◆ What this task involves
From the first line to the last, return the data exactly, with no pictures.

◆ Data section

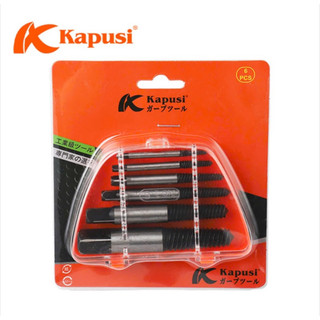 Bộ tháo bu lông ốc vít gãy 6 cây K-3688 (3-22mm) hãng Kapusi, Bh 12 tháng, Xử lý bu lông gãy chìm, ốc vít han, toét đầu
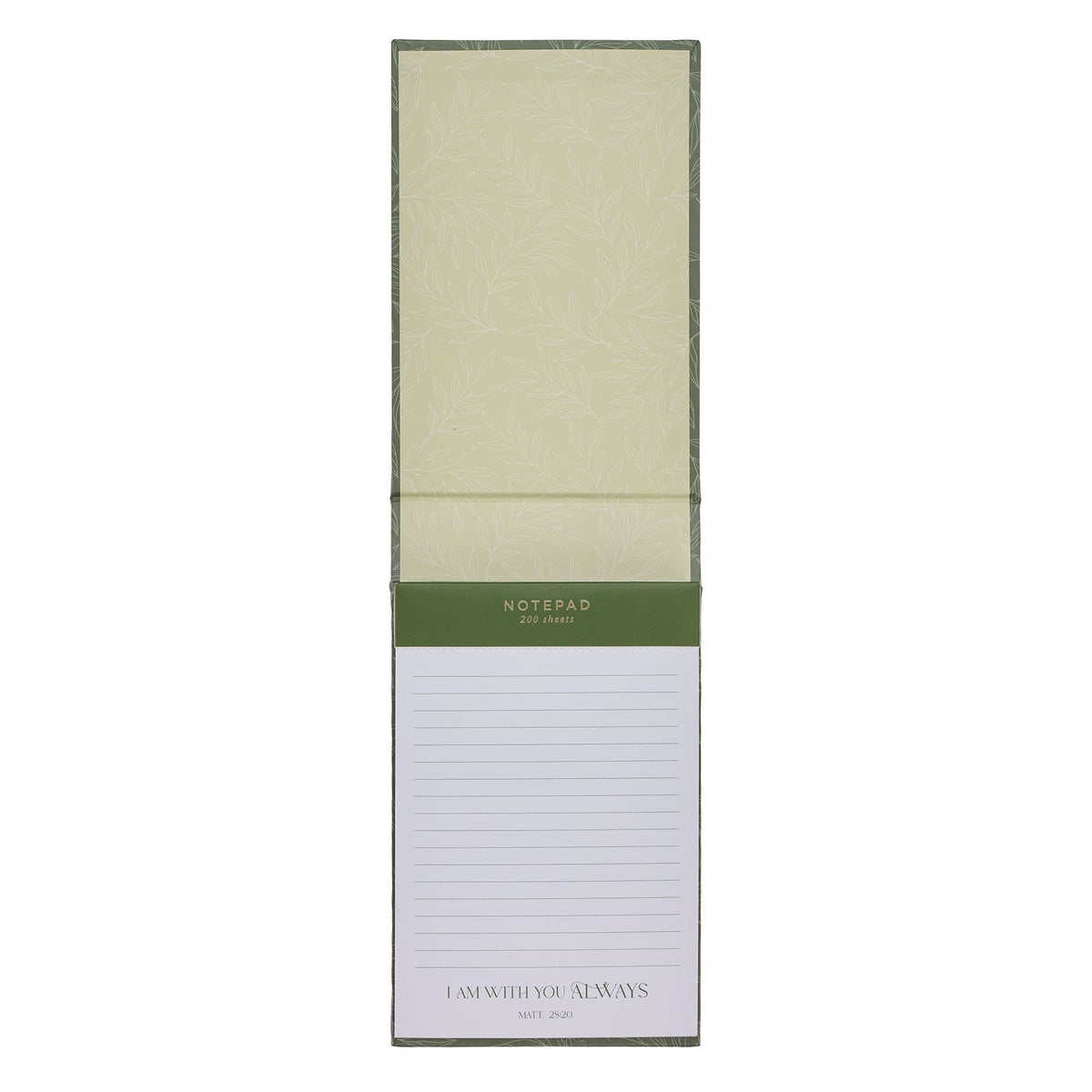 Notepad: Green I Am With You Always Matt. 28:20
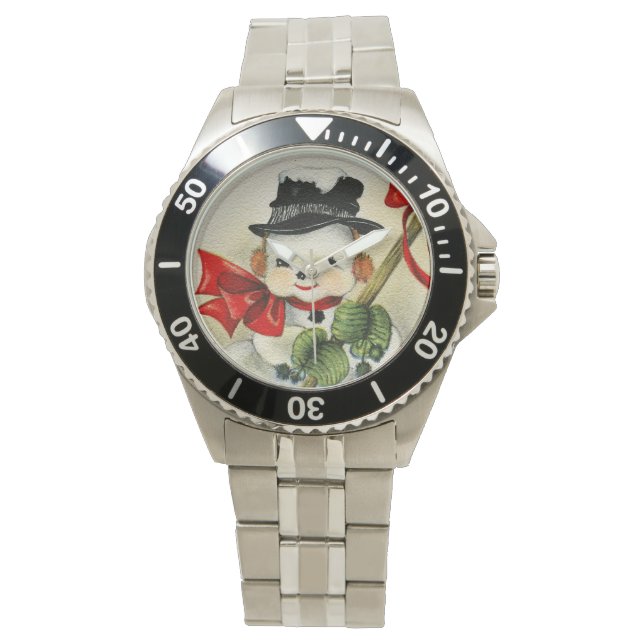 Reloj De Pulsera Snowman 004 (Anverso)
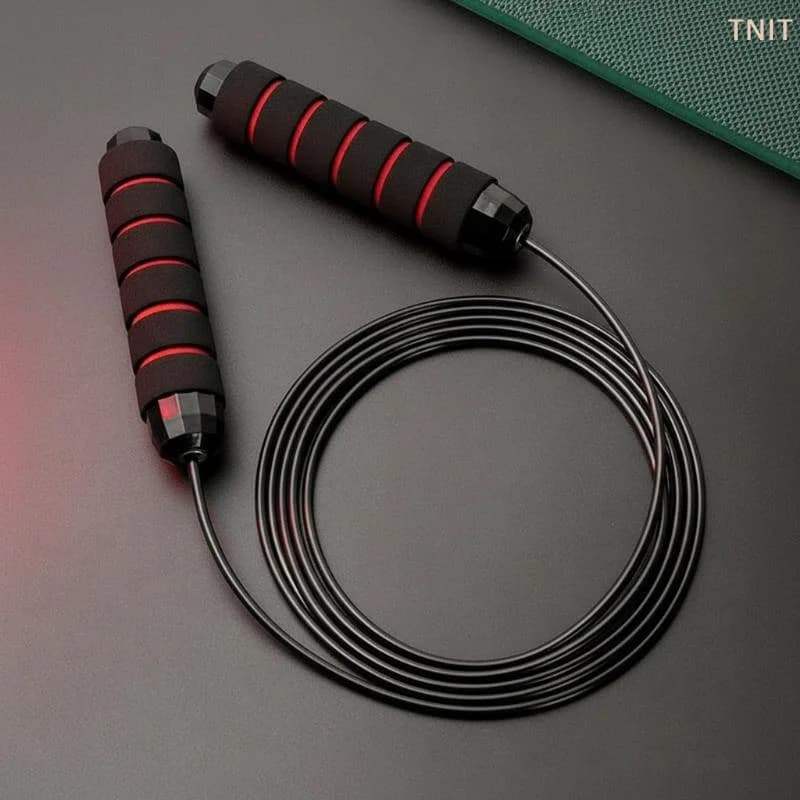 [J] 1 Set Anti-Tangling Steel Wire Jump Rope Adjustable For Skipping Fitness Workout Home Sport Training Equipment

◆ Result
 Bộ tháo bu lông ốc vít gãy 6 cây K-3688 (3-22mm) hãng Kapusi, Bh 12 tháng, Xử lý bu lông gãy chìm, ốc vít han, toét đầu
 Notepad: Green I Am With You Always Matt. 28:20
 Reloj De Pulsera Snowman 004 (Anverso)
 [J] 1 Set Anti-Tangling Steel Wire Jump Rope Adjustable For Skipping Fitness Workout Home Sport Training Equipment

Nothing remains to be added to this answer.